Una cosa es regular el resultado de un modelo; otra muy distinta es diseñar el silicio y la electricidad mismos que le dan vida. He argumentado anteriormente que la infraestructura soberana es la única forma de escapar del ciclo de extracción de datos. Estamos viendo cómo esto se materializa ahora con el impulso de la UE para siete nuevas «Fábricas de IA» (AI Factories): clústeres de cómputo dedicados diseñados para anclar el desarrollo de la IA dentro de las fronteras europeas.
Pero a medida que pasamos de la teoría de las nubes soberanas a la realidad del entrenamiento nacionalizado, nos topamos con un efecto de segundo orden del que pocos hablan: La Balcanización de los Pesos.
Los titulares se centran en lo obvio: el asombroso 3% de la electricidad mundial que la IA consumirá para 2030 o las crecientes «huelgas de datos» de los titulares de propiedad intelectual de alta fidelidad que protegen legítimamente su trabajo de la recolección no autorizada.

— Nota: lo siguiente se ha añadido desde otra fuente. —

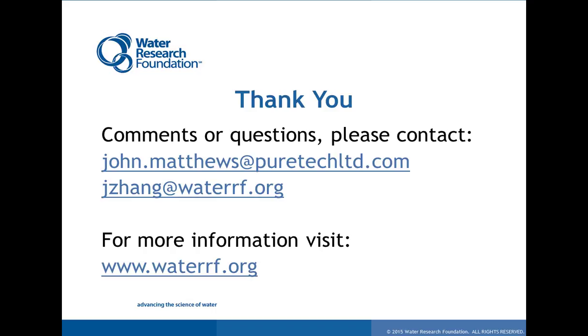I think these are all the questions we have received so far, and it's time to end this webcast. I want to thank our speaker John Matthews for his excellent presentation, and thank our audience for the great questions. Don't forget to take the short post-event survey — let us know how you think about today's webcast so that we can improve future webcasts. Thank you.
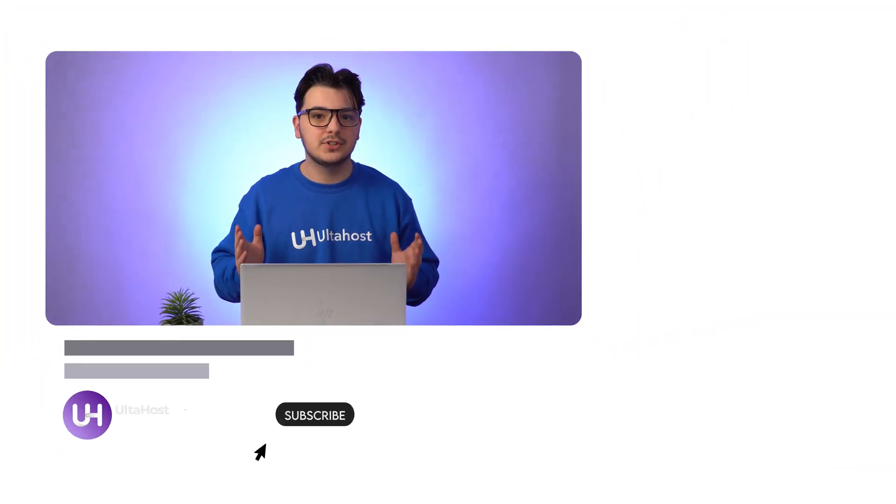Head to ultahost.com to get started. Thank you so much for watching. If you find this video helpful, please don't forget to like, subscribe, and hit the notification bell for more tutorials and helpful content like this.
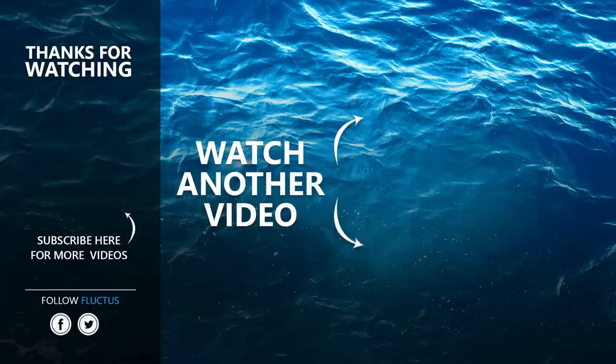That's the end of this video. I hope you enjoyed it. Make sure to subscribe to this channel so you don't miss any of our new content. See you next time.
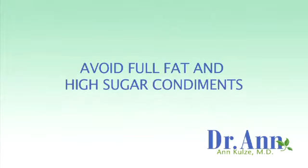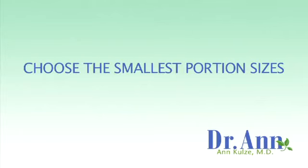Avoid full-fat and high-sugar condiments like creamy salad dressings, mayo, and heavy sauces, and also fat-free dressings because they have too much sugar. Choose the smallest portions, because at fast food outlets the smallest portions are normal portions.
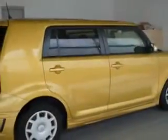Check out this Goldrush Mica 08 Cyan XB, equipped with a 4-cylinder engine and an automatic transmission with 41,138 miles.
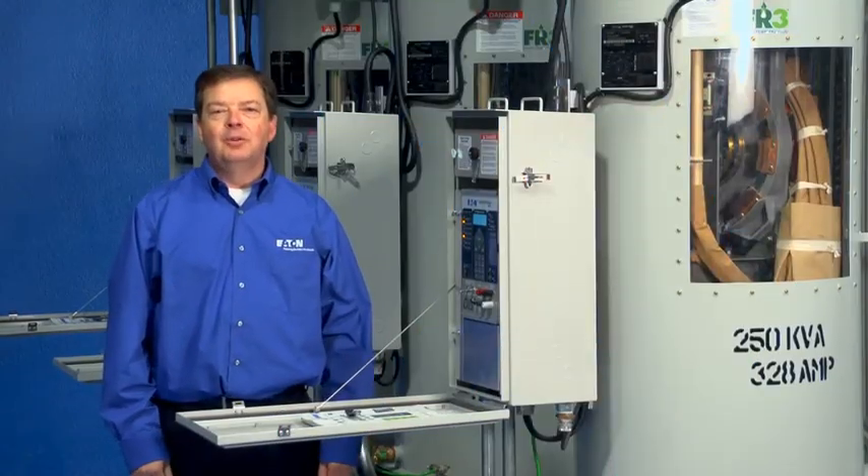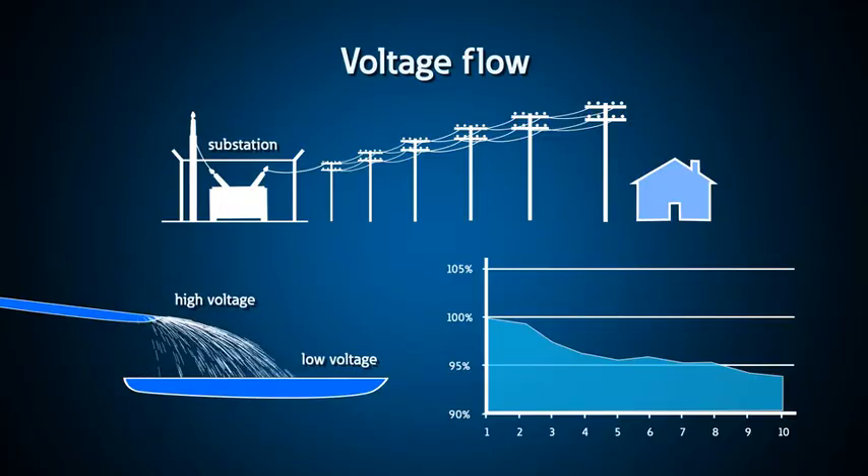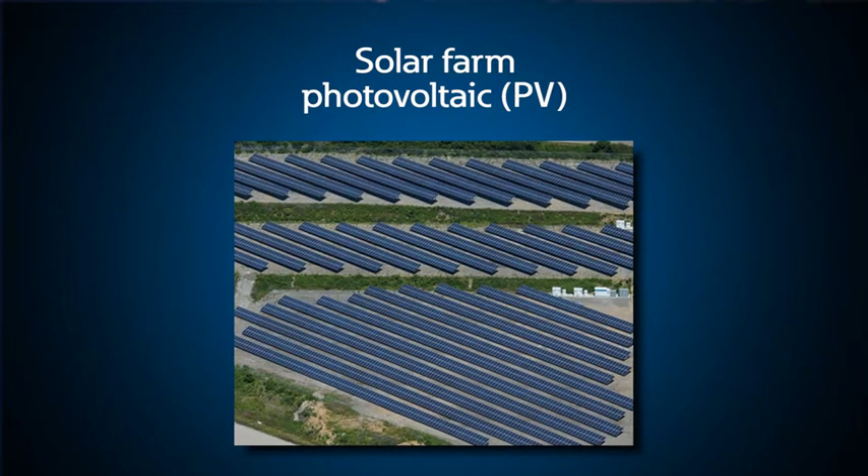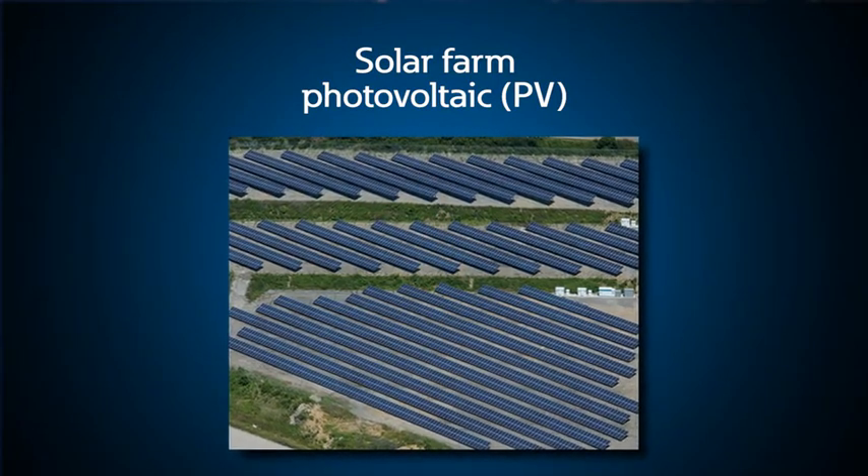Other forms of power factor correction include static var compensators and STATCOMs for very large dynamic loads like an arc furnace in a steel mill. Like water flowing over a waterfall, power likes to flow from a higher voltage to a lower voltage. So if multiple sources of power are used on an interconnected utility system, voltage control helps to push the power to where it is needed. Systems that have photovoltaic sources of power, like this large solar farm, often interact with the utility IVVC system, and care must be taken to account for the difference in voltage produced by this new source.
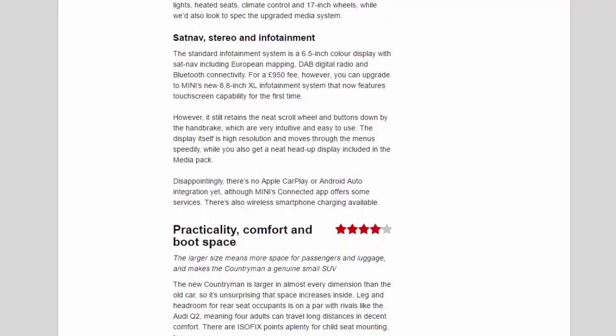The standard infotainment system is a 6.5-inch colour display with sat-nav including European mapping, DAB digital radio and Bluetooth connectivity. For £950 you can upgrade to Mini's new 8.8-inch XL infotainment system, which now features touchscreen capability for the first time, while retaining the neat scroll wheel and buttons by the handbrake. The high-resolution display moves through menus speedily and you get a head-up display in the media pack. Disappointingly, there's no Apple CarPlay or Android Auto integration yet, though Mini's connected app offers some services, and wireless smartphone charging is also available.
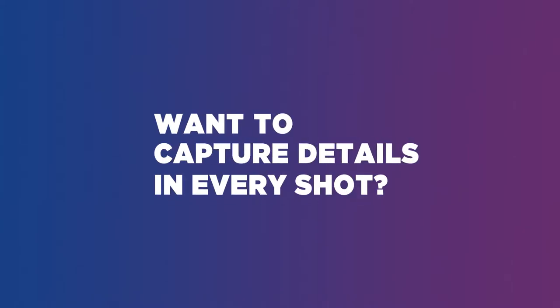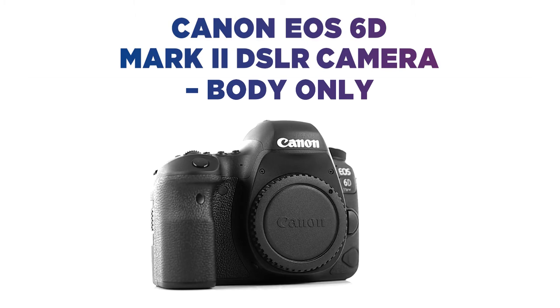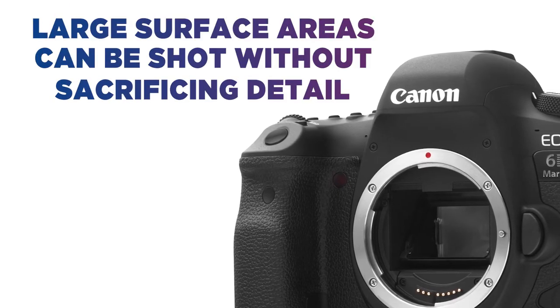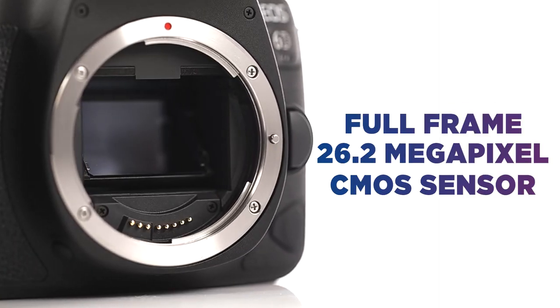Want to capture details in every shot? You can capture every little thing in frame with this Canon DSLR camera. Pictures with a large surface area can be shot without sacrificing detail thanks to the full-frame 26.2 megapixel CMOS sensor.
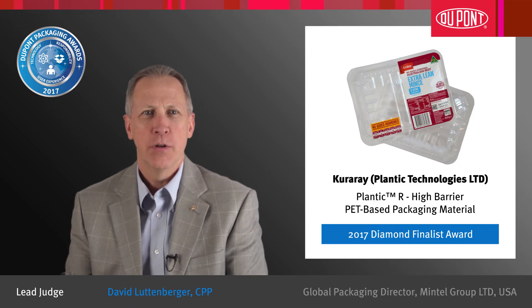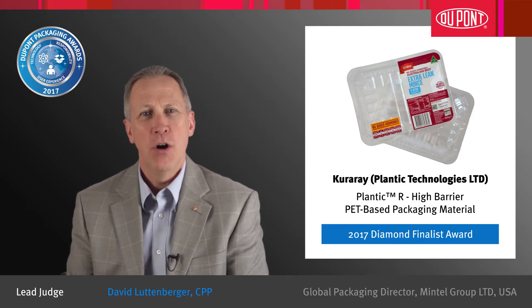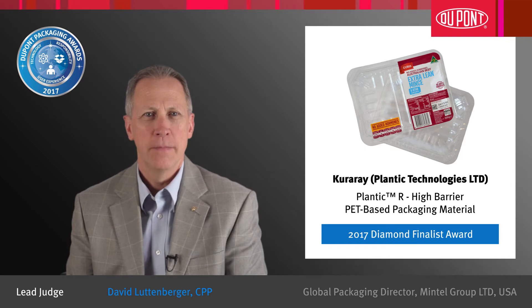Congratulations to CuraRay for earning a Diamond Finalist Award in the 29th DuPont Awards for Packaging Innovation. Plantech-R is a real breakthrough in terms of packaging science and innovation. This entry demonstrates excellence in technological achievement, responsible packaging, and enhanced user experience.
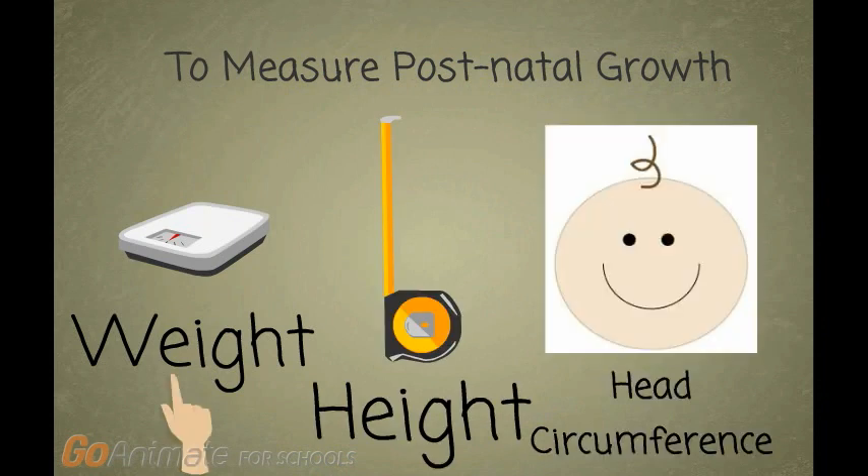By measuring body weight, we measure a general increase in size. Measuring body length ensures that the increase in weight was not due to increased fat mass, but rather longitudinal growth. Head circumference increases indicate that there was an increase in volume and brain mass, showing a potential for better cognition and brain function. By using these metrics, researchers can be more certain that improvements in postnatal growth are a result of increases in favorable body composition.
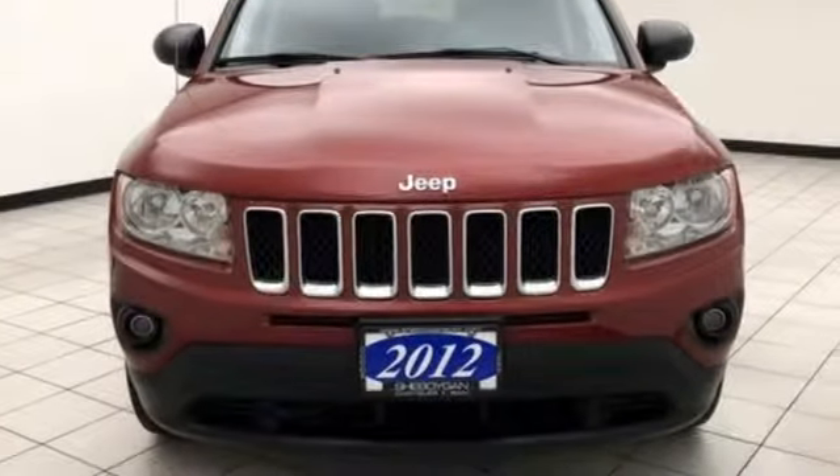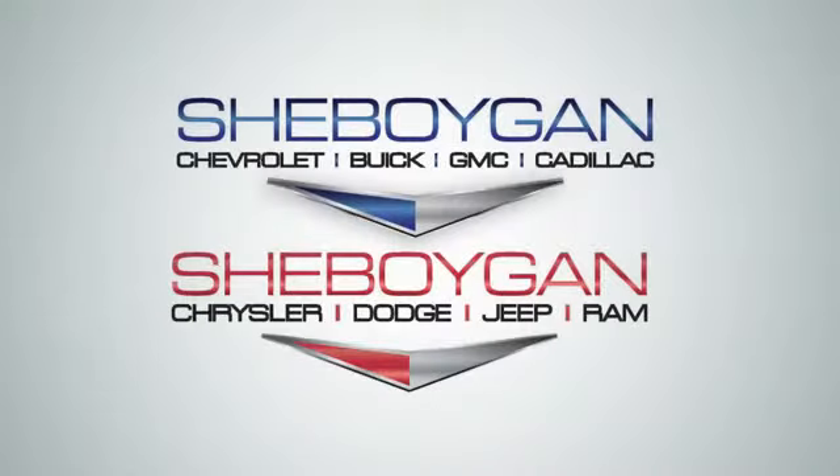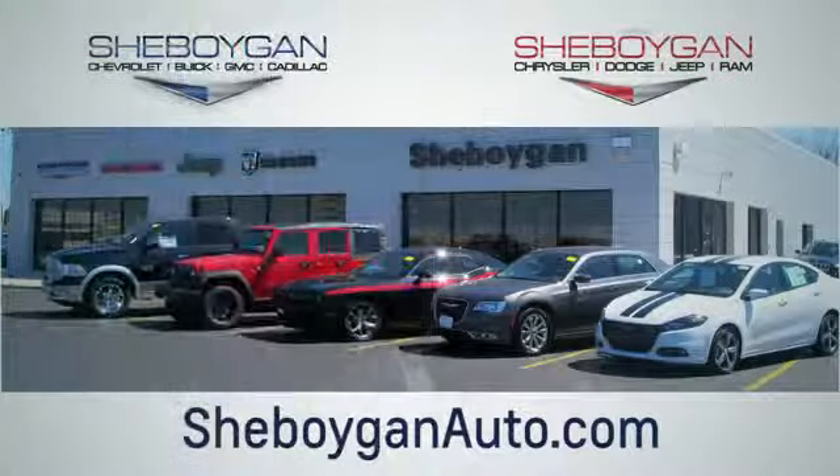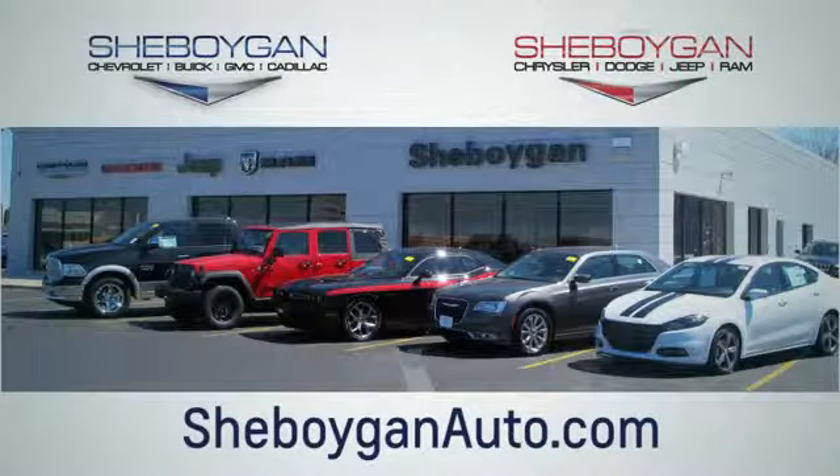Experience the Jeep life. Take it for a test drive today. Choose Sheboygan Auto. We are conveniently located at 3400 South Business Drive, or at 2701 Washington Avenue in Sheboygan, Wisconsin. Sheboyganautos.com.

Sin embargo, la consecuencia de ingeniería más profunda de combinar clústeres de cómputo localizados con decretos nacionales estrictos (como los adoptados recientemente en Italia) es que ya no estamos construyendo un «Cerebro Global». Estamos construyendo inteligencias regionales que son técnica y legalmente incompatibles.
Cuando entrenamos un modelo en una Fábrica de IA europea, regida por restricciones éticas y decretos de uso de datos específicos, no solo estamos «limpiando» los datos; estamos integrando los valores de una jurisdicción específica en los pesos del modelo a través de modelos de recompensa y protocolos de alineación de RLHF (Aprendizaje por Refuerzo a partir de la Retroalimentación Humana) divergentes.
Esto crea lo que yo llamo «Latencia Diplomática».
Un estudio reciente destacó cómo los chatbots ya muestran un comportamiento divergente, siendo a menudo más críticos con los líderes occidentales que con los autoritarios, dependiendo de su ajuste de alineación. Esto no es solo un problema de «sesgo»; es una divergencia estructural en el ADN del modelo. Si la procedencia del entrenamiento de un modelo cumple con la ley italiana pero utiliza un cómputo limitado por cuotas energéticas locales, ese modelo se convierte en un activo «local».
El efecto de segundo orden aquí es el fin de la portabilidad de la IA.
En el pasado, el código era código. Hoy, los pesos de un modelo se están convirtiendo en una forma de barrera comercial no arancelaria. Nos enfrentamos a un Bloqueo Arquitectónico donde un modelo no puede exportarse ni integrarse en sistemas globales sin un «cambio de alineación» o un costoso reentrenamiento, procesos que son prohibitivos desde el punto de vista computacional y éticamente turbios.
Avanzamos hacia un mundo donde «El Modelo» no existe. En su lugar, tendremos un panorama fragmentado de «Pesos Legales»: representaciones matemáticas de lo que un gobierno o cultura específica considera aceptable. Como ingenieros, nuestro desafío ya no consiste solo en optimizar una función de pérdida; se trata de gestionar la fricción entre estas fronteras digitales. Estamos construyendo la infraestructura para un mundo donde la barrera más significativa para la IA no es el foso de las GPU, sino la huella geopolítica del centro de datos en el que nació.